◆ DATASET EXTRACT
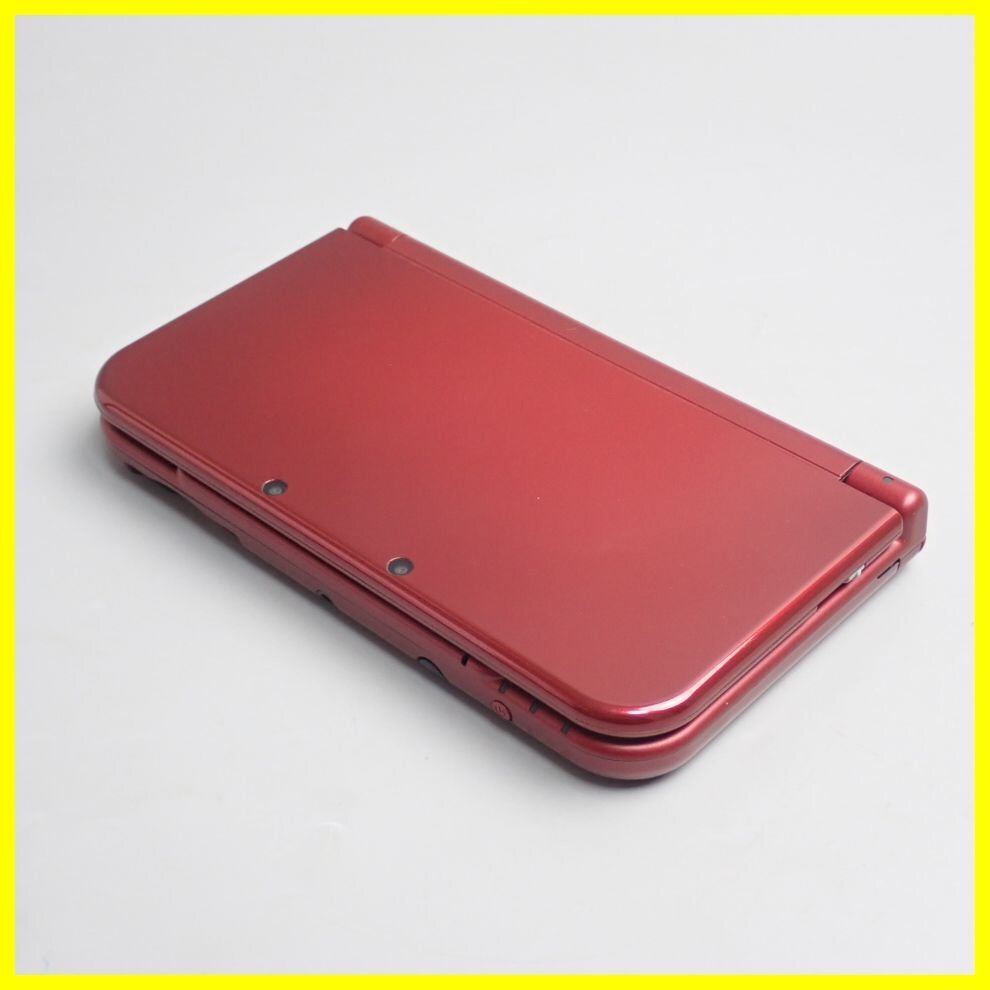 ★任天堂 New ニンテンドー 3DS LL 本体 メタリックレッド/付属品・おまけソフト付き/携帯ゲーム機&1029004896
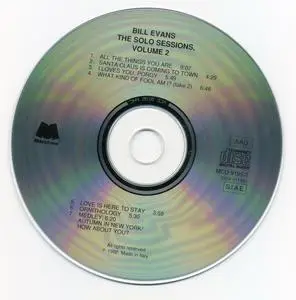 Bill Evans - The Solo Sessions, Volume 2 (1963) {Milestone MCD-9195-2 rel 1992}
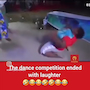 The dance competition ended with laughter!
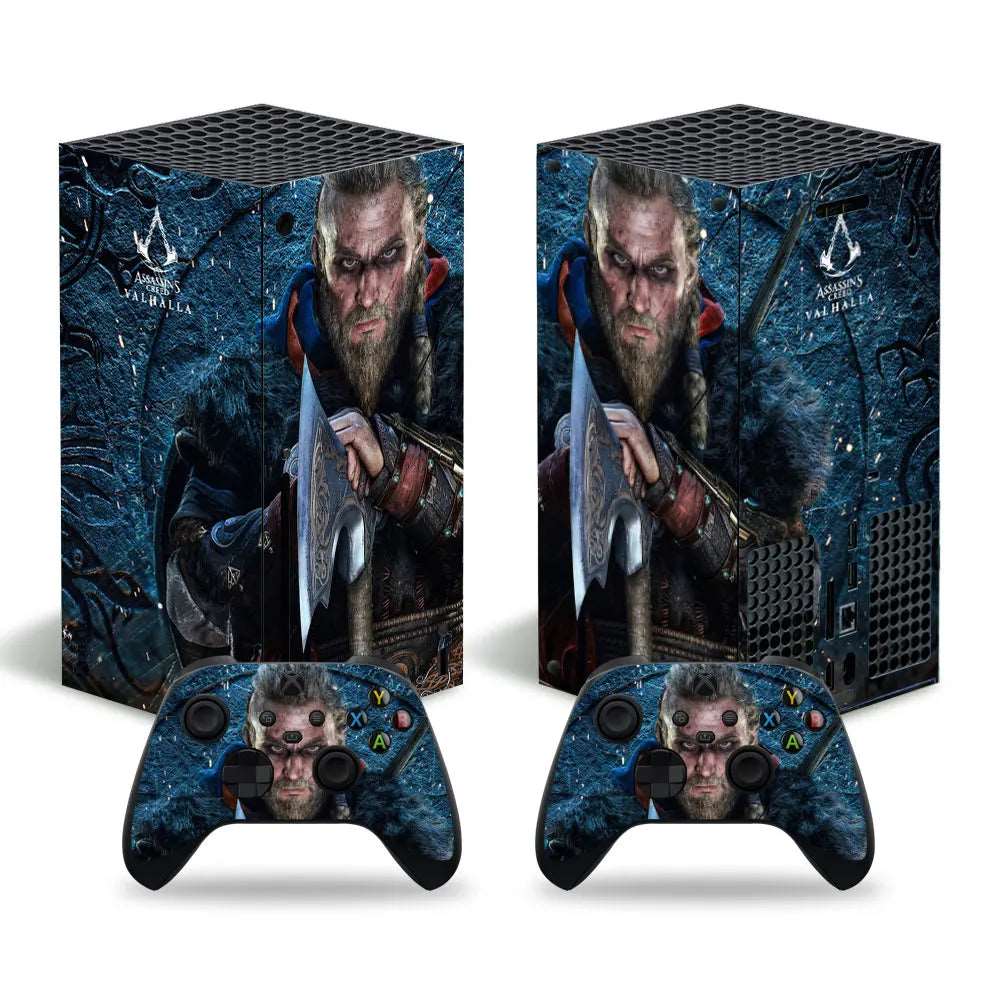 Autocollant Assassin's Creed Valhalla N°2 pour Xbox Series X - Skin 1 console et 2 contrôleurs – Image 2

◆ EXERCISE REQUIREMENTS
Please copy exactly the lines from the one that contains "The dance competition ended with laughter!" through the last line of the listing above, leaving out the pictures.

◆ PROBLEM SOLUTION
 The dance competition ended with laughter!
 Autocollant Assassin's Creed Valhalla N°2 pour Xbox Series X - Skin 1 console et 2 contrôleurs – Image 2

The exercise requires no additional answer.